Effects of a nuclear explosion just above the atmosphere
High-Altitude Nuclear Explosions Dangerous, but not for Reasons Gingrich Cites Scientific American By Michael Moyer | December 14, 2011 | “………In the June 2004 issue of Scientific American, the national security journalist Daniel G. Dupont wrote “Nuclear Explosions in Orbit” [subscription required], a story that details the sequence of events that would follow a nuclear detonation just above the atmosphere.
The initial blast of high-energy gamma rays would strike air molecules
and create a shower of high-energy electrons, he writes. These
electrons, once they reached ground, would indeed disrupt sensitive
electronic equipment. But only that equipment within direct
line-of-sight of the blast—taking out a city, perhaps, not a
continent.
More fearsome would be the effects of radiation on orbiting
satellites. After the initial nanoseconds-long blast of gamma rays, a
nuclear bomb releases about 70 percent of its total energy in the form
of x-rays. Dupont writes:
“Soft,” or low-energy, x-rays produced by a HANE would not penetrate
deeply into any spacecraft they encountered.
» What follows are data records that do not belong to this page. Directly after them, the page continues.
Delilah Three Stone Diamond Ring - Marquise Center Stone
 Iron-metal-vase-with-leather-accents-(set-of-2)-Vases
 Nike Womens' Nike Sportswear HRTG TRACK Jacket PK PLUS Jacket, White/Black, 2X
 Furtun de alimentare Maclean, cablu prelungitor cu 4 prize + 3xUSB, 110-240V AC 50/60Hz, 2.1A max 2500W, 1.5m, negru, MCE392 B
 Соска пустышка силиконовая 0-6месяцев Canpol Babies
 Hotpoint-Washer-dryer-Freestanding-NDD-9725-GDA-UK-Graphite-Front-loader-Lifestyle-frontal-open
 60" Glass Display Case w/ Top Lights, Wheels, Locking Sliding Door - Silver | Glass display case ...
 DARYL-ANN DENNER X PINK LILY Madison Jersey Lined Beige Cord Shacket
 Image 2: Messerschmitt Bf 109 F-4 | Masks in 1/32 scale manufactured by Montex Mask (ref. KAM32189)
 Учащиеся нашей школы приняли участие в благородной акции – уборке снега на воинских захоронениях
Instead they would
generate extreme heat at the outer surfaces, which itself could harm
the sophisticated electronics inside. Soft x-rays would also degrade
solar cells, impairing a satellite’s ability to generate power, as
well as damaging sensor or telescope apertures. When high-energy
x-rays strike a satellite or other system components, however, they
create strong internal electron fluxes that produce strong currents
and high voltages that can fry sensitive electronic circuitry.
He quotes K. Dennis Papadopoulos, a plasma physicist at the University
of Maryland who studies the effects of high-altitude nuclear
explosions for the U.S. government, who concludes that “a 10-kiloton
nuclear device set off at the right height would lead to the loss of
90 percent of all low-earth-orbit satellites within a month.” The
exception would be U.S. military satellites, many of which have been
hardened against exactly this kind of threat.